[Data supplied]:

+++++

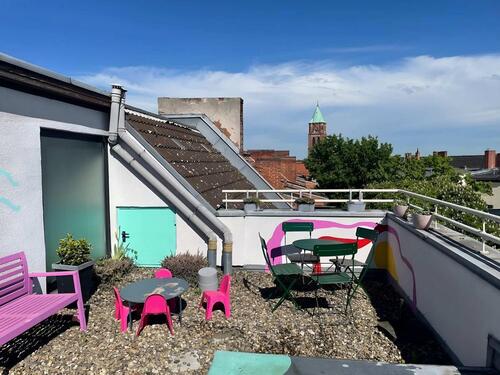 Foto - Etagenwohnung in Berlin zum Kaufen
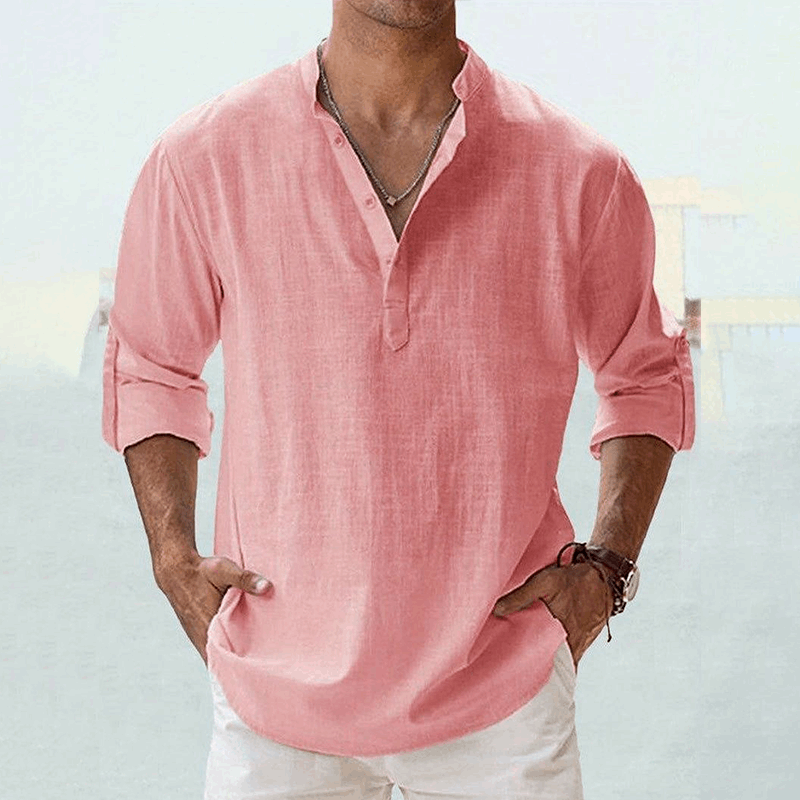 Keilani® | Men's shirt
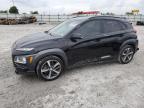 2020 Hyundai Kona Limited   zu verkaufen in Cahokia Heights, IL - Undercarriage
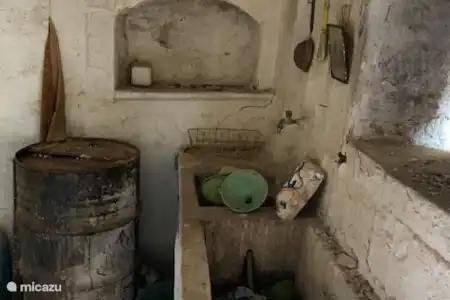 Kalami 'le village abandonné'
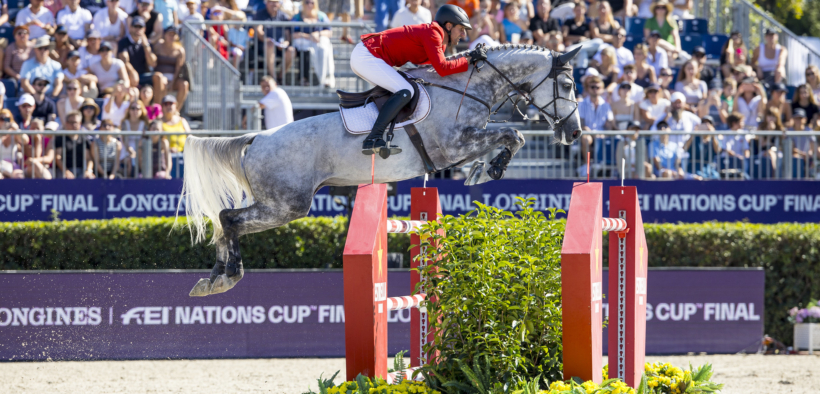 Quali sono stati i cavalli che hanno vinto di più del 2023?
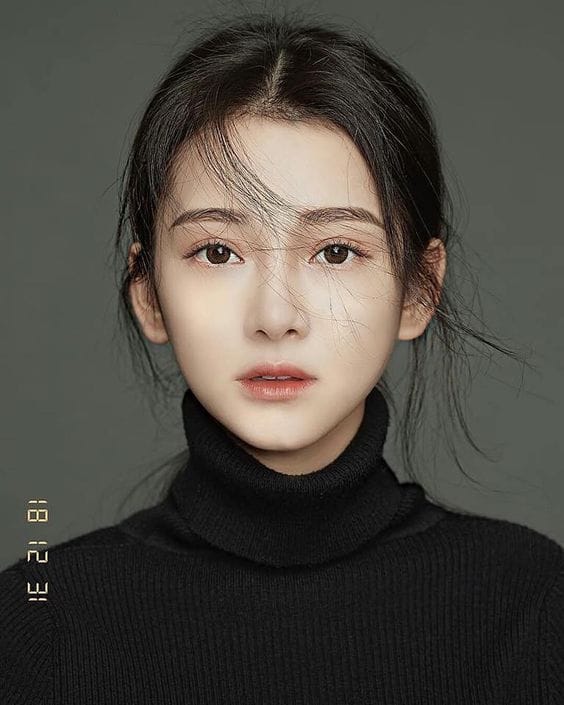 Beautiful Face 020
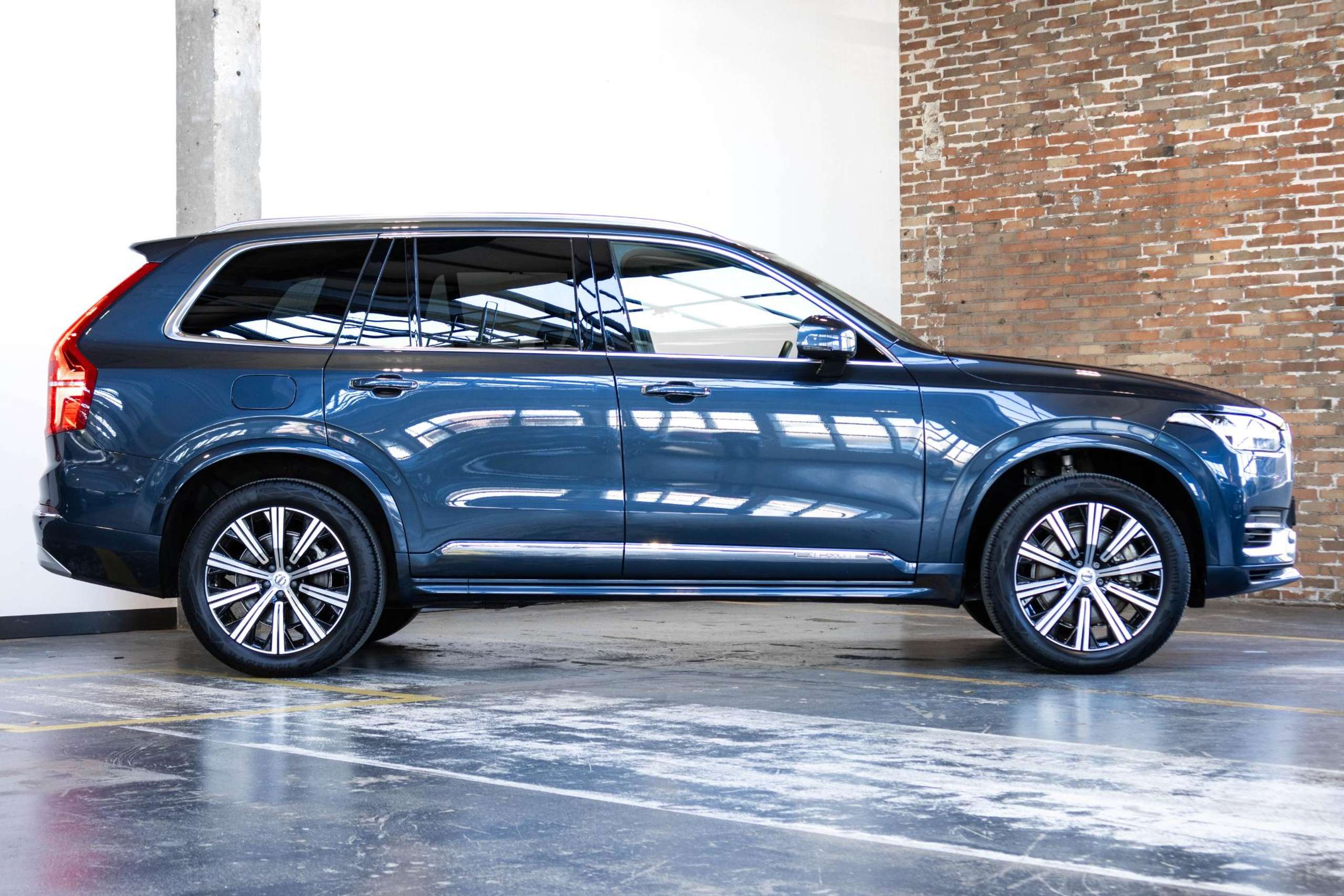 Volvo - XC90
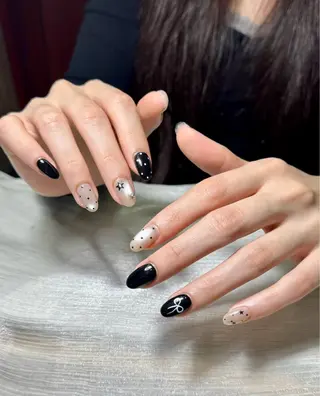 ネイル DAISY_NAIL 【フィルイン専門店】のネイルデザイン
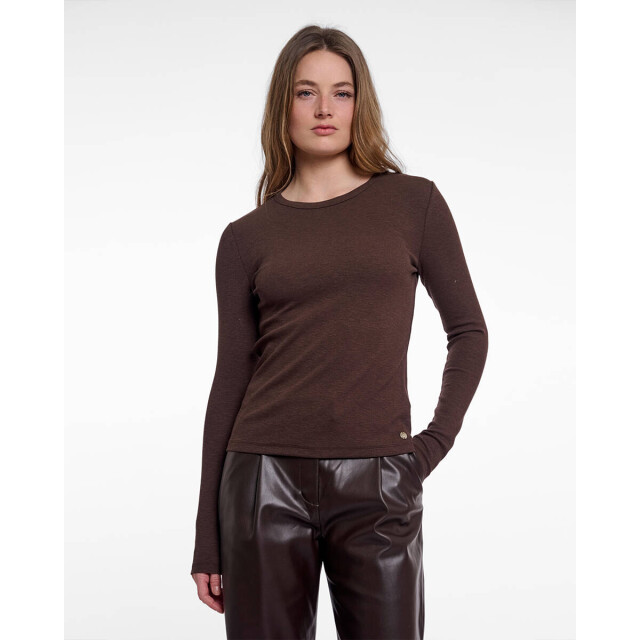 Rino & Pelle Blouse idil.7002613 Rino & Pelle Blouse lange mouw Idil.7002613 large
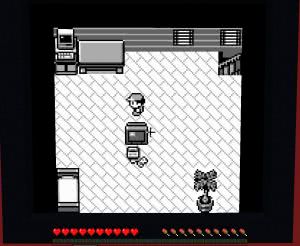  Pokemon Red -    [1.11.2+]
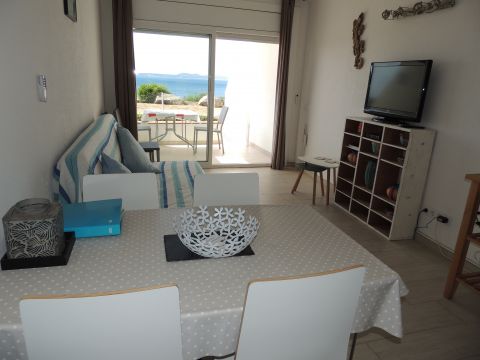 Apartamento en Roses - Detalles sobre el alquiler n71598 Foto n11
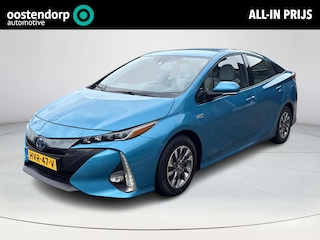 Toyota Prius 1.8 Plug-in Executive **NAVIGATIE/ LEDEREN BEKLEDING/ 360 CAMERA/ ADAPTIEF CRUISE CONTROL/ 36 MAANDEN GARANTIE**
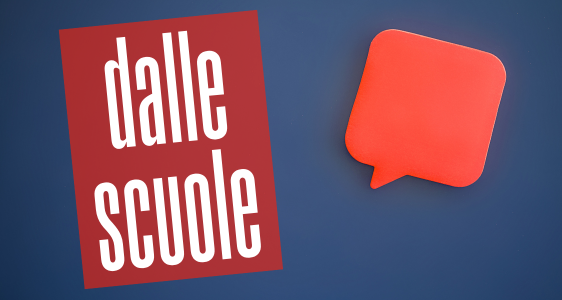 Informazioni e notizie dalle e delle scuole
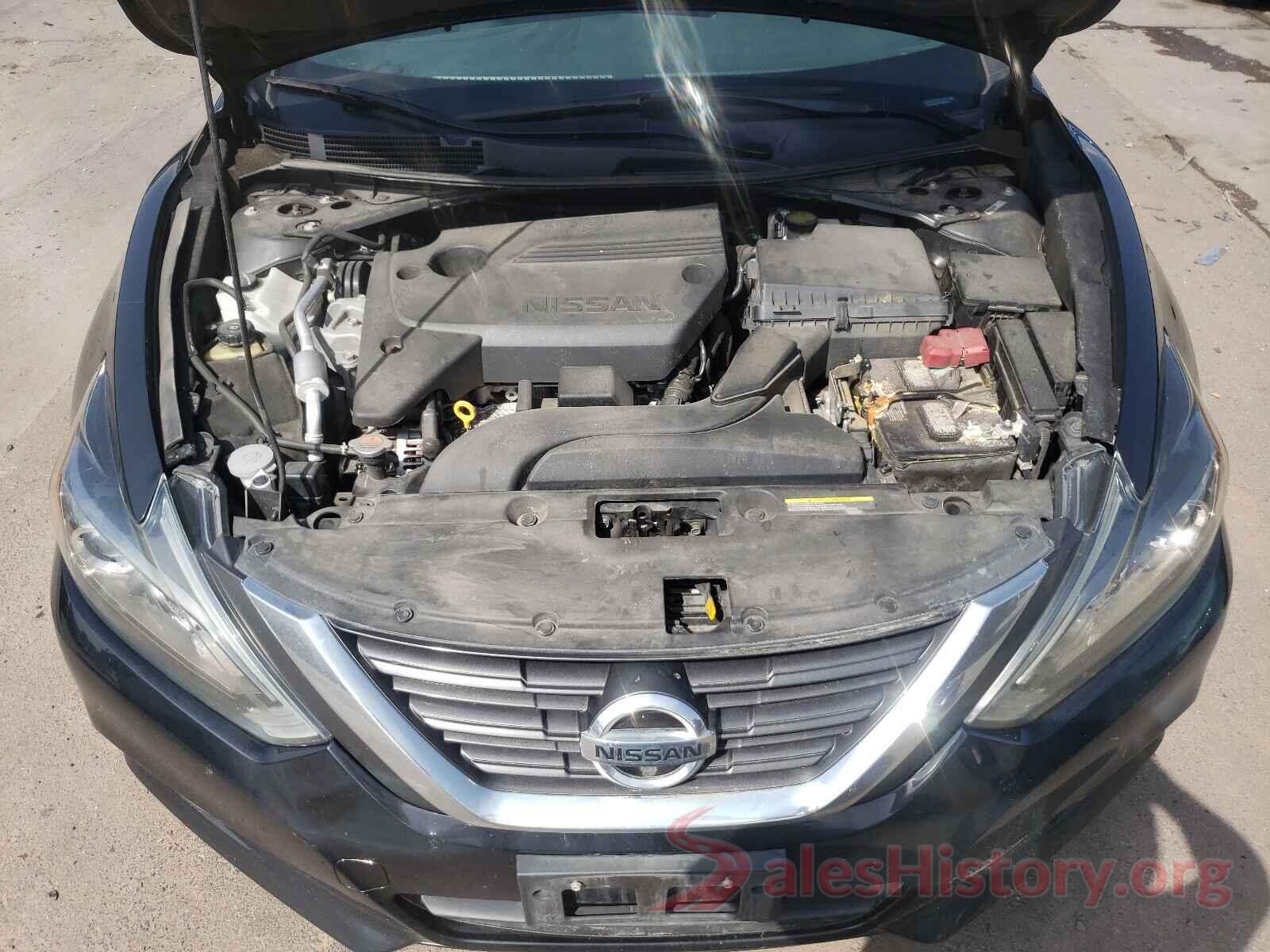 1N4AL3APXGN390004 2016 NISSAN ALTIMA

+++++

[Your goal]: The line containing "Informazioni e notizie dalle e delle scuole" and every line after it, through the end of the data, are to be output exactly. Omit the pictures.

[Problem solution]:
 Informazioni e notizie dalle e delle scuole
 1N4AL3APXGN390004 2016 NISSAN ALTIMA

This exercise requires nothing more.